(Short web captions)
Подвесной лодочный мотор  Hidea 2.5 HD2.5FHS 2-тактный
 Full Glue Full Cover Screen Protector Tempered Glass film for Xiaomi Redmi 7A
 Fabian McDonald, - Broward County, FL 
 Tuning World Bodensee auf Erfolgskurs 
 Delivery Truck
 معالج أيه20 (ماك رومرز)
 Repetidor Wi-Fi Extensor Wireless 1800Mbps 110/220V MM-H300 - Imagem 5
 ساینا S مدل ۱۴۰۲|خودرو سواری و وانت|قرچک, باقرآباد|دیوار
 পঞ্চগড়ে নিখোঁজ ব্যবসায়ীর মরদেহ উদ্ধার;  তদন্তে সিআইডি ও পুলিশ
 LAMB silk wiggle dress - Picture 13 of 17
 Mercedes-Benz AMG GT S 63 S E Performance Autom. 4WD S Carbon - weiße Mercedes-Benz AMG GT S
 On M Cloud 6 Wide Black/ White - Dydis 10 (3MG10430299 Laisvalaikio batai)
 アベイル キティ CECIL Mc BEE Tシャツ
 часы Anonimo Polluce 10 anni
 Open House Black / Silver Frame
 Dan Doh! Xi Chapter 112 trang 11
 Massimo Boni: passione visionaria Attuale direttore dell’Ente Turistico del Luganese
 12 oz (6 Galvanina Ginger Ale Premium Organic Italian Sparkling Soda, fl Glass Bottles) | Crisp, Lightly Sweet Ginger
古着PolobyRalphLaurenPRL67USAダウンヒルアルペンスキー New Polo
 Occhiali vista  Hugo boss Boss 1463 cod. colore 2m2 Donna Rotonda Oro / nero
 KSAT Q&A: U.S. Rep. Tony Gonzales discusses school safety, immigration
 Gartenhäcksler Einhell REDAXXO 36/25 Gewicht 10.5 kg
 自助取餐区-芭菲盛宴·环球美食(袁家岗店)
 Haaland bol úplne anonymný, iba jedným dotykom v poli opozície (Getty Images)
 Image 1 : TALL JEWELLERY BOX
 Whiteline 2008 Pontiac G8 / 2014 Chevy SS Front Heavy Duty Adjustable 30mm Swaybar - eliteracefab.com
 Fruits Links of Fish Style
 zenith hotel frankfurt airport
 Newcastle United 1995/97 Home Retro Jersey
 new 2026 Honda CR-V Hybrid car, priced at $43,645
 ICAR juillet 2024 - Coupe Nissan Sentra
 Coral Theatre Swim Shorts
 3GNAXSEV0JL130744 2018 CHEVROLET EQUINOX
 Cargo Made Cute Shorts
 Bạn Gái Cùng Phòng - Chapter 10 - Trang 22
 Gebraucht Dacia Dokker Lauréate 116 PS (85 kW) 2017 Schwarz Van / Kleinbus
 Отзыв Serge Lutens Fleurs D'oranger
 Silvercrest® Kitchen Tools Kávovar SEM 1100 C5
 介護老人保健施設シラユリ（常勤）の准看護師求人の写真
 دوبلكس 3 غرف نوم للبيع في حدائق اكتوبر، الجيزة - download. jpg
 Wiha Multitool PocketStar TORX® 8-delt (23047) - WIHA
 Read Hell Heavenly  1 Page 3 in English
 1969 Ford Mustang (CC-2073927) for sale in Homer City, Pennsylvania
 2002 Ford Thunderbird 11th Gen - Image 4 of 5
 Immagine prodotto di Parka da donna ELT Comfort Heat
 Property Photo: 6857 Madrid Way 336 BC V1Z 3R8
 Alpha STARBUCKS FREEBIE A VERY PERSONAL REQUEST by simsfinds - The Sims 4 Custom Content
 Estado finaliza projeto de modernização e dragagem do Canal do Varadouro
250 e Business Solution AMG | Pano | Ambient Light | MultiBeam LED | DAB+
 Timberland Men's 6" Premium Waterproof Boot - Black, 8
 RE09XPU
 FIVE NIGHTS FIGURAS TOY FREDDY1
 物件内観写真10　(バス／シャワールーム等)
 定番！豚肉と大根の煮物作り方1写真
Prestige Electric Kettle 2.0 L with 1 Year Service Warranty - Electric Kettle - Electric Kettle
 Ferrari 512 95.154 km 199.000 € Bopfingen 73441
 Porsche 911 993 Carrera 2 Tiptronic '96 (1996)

What is required: Given the records above, reproduce precisely and only the lines between the line holding "Delivery Truck" and the line holding "古着PolobyRalphLaurenPRL67USAダウンヒルアルペンスキー New Polo", inclusive.

Exercise answer:
 Delivery Truck
 معالج أيه20 (ماك رومرز)
 Repetidor Wi-Fi Extensor Wireless 1800Mbps 110/220V MM-H300 - Imagem 5
 ساینا S مدل ۱۴۰۲|خودرو سواری و وانت|قرچک, باقرآباد|دیوار
 পঞ্চগড়ে নিখোঁজ ব্যবসায়ীর মরদেহ উদ্ধার;  তদন্তে সিআইডি ও পুলিশ
 LAMB silk wiggle dress - Picture 13 of 17
 Mercedes-Benz AMG GT S 63 S E Performance Autom. 4WD S Carbon - weiße Mercedes-Benz AMG GT S
 On M Cloud 6 Wide Black/ White - Dydis 10 (3MG10430299 Laisvalaikio batai)
 アベイル キティ CECIL Mc BEE Tシャツ
 часы Anonimo Polluce 10 anni
 Open House Black / Silver Frame
 Dan Doh! Xi Chapter 112 trang 11
 Massimo Boni: passione visionaria Attuale direttore dell’Ente Turistico del Luganese
 12 oz (6 Galvanina Ginger Ale Premium Organic Italian Sparkling Soda, fl Glass Bottles) | Crisp, Lightly Sweet Ginger
古着PolobyRalphLaurenPRL67USAダウンヒルアルペンスキー New Polo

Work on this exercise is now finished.